> **SUPPLIED ENTRIES**

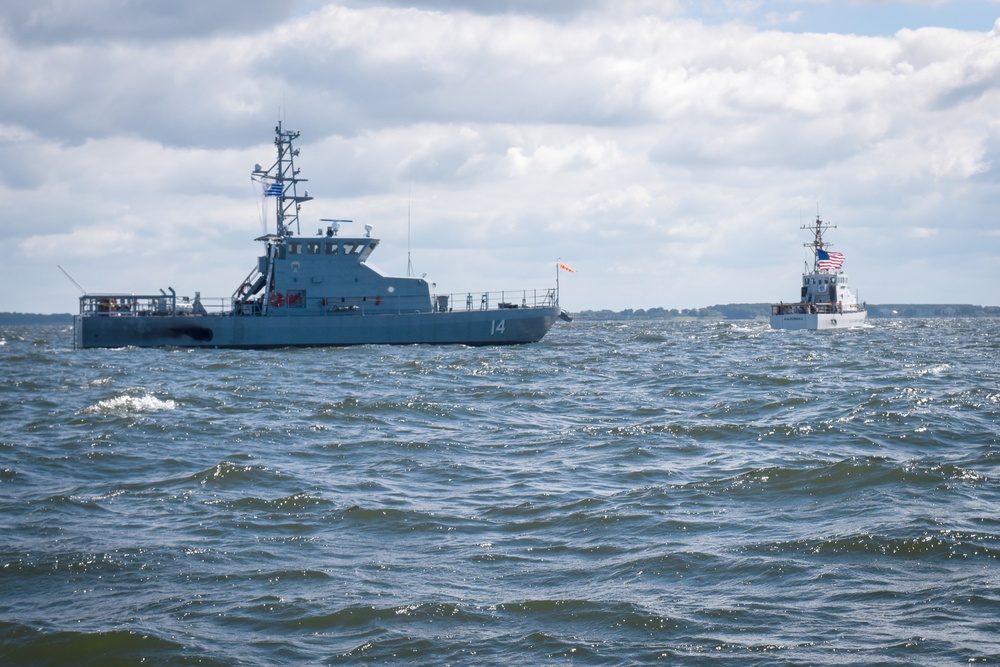 Uruguayan Navy vessel sail away event near Bay Bridge in Annapolis, MD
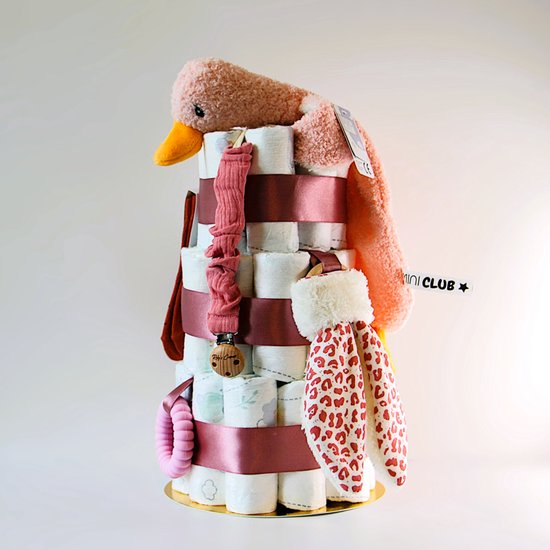 Luiertaart - Roze - fluffy oren - eend knuffeldoek - meisje - baby - geboorte - kraamcadeau - babyshower - girl – Pampers van Merkloos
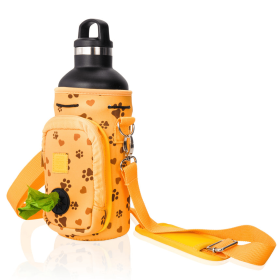 Made Easy Kit Water Bottle Carrier w/Pocket for Dog Poop Bag (Color: Yellow Paws & Hearts, size: 32oz Large)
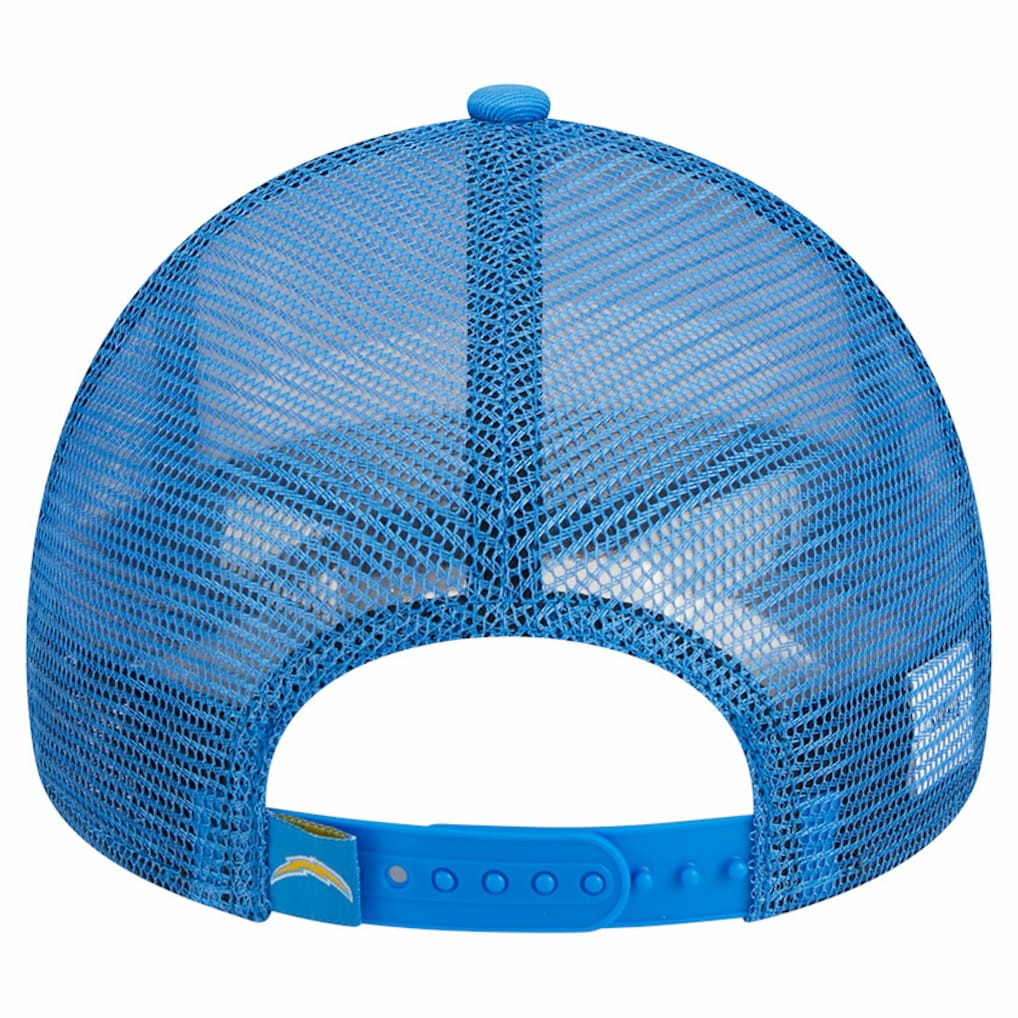 Los Angeles Chargers New Era Stacked A-Frame Trucker 9FORTY Adjustable Hat White/Powder Blue - NFL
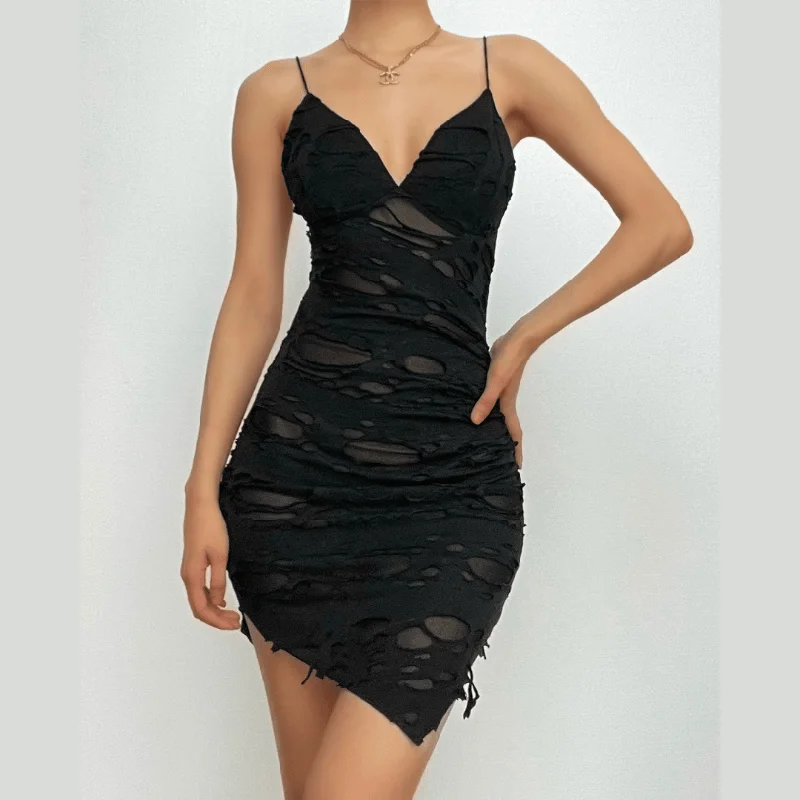 Textured v neck solid spaghetti strap backless mini dress Cozy Satin Mini Dress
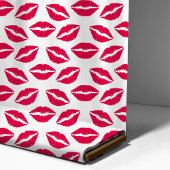 Red Lipstick Kisses Pattern Stoff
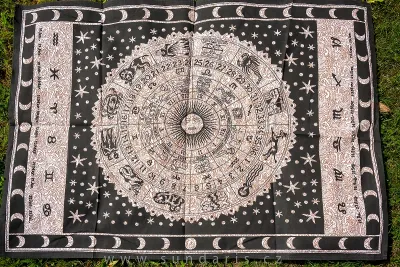 Indická Tištěná Látka Zvěrokruh 105x72 cm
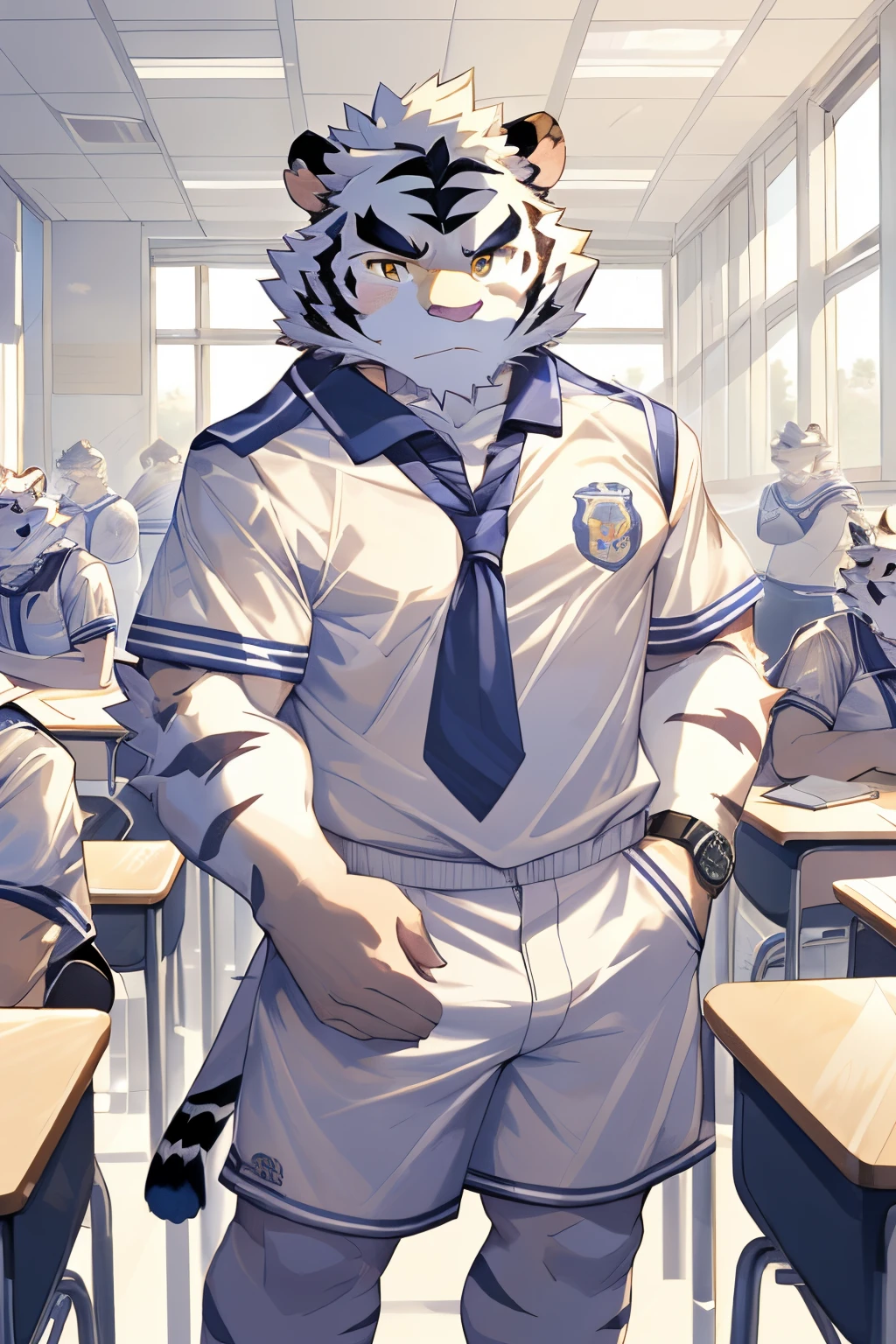 Hominidae, Photo pose. 4K, A high resolution, Best quality, posted on e621, (Two anthropomorphic white tigers:1.2), male people, 20yr old, Thick eyebrows, White fur, extra very short hair, shaggy, Strong body, large pecs, ((White student uniform)), they have class together, Golden pupils, White skinny shorts, medium bulge, in class room, (sport, Muscular, Heavyweight:1.2), Correct anatomy, (author:Chunni, author:Taran Fidler:0.8), (詳細な目:1.2), sexy for, (Cartoon shading:1.2), Cartoon shading, serious expressions, face flushed, (view the viewer:1.2)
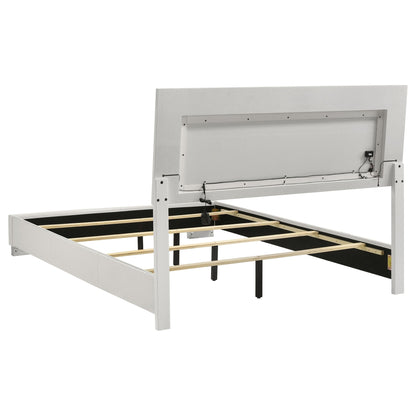 Zephyr White High Gloss Queen 4-Piece Bedroom Set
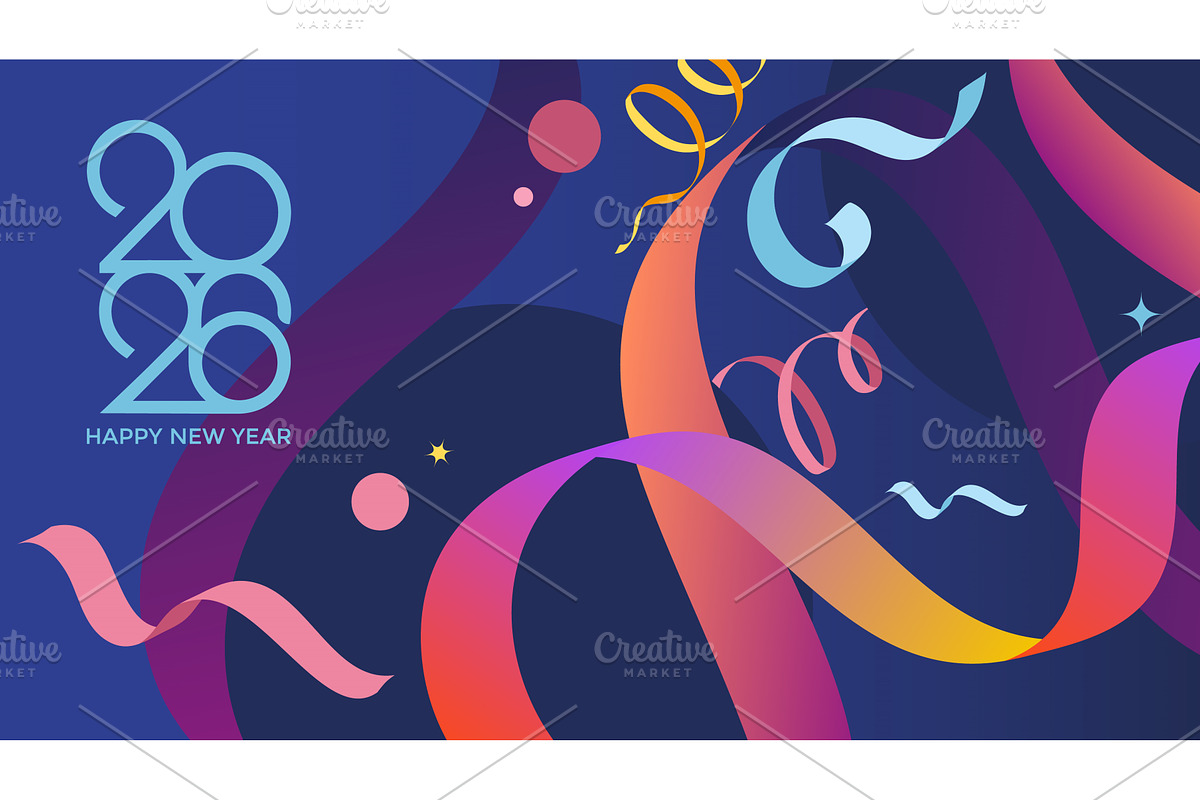 2026 Happy New Banner, a Texture Illustration by JeanBet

> **PROBLEM TO WORK ON**
Would you output all of the entries above exactly, keeping the pictures out?

> **RESPONSE BELOW**
 Uruguayan Navy vessel sail away event near Bay Bridge in Annapolis, MD
 Luiertaart - Roze - fluffy oren - eend knuffeldoek - meisje - baby - geboorte - kraamcadeau - babyshower - girl – Pampers van Merkloos
 Made Easy Kit Water Bottle Carrier w/Pocket for Dog Poop Bag (Color: Yellow Paws & Hearts, size: 32oz Large)
 Los Angeles Chargers New Era Stacked A-Frame Trucker 9FORTY Adjustable Hat White/Powder Blue - NFL
 Textured v neck solid spaghetti strap backless mini dress Cozy Satin Mini Dress
 Red Lipstick Kisses Pattern Stoff
 Indická Tištěná Látka Zvěrokruh 105x72 cm
 Hominidae, Photo pose. 4K, A high resolution, Best quality, posted on e621, (Two anthropomorphic white tigers:1.2), male people, 20yr old, Thick eyebrows, White fur, extra very short hair, shaggy, Strong body, large pecs, ((White student uniform)), they have class together, Golden pupils, White skinny shorts, medium bulge, in class room, (sport, Muscular, Heavyweight:1.2), Correct anatomy, (author:Chunni, author:Taran Fidler:0.8), (詳細な目:1.2), sexy for, (Cartoon shading:1.2), Cartoon shading, serious expressions, face flushed, (view the viewer:1.2)
 Zephyr White High Gloss Queen 4-Piece Bedroom Set
 2026 Happy New Banner, a Texture Illustration by JeanBet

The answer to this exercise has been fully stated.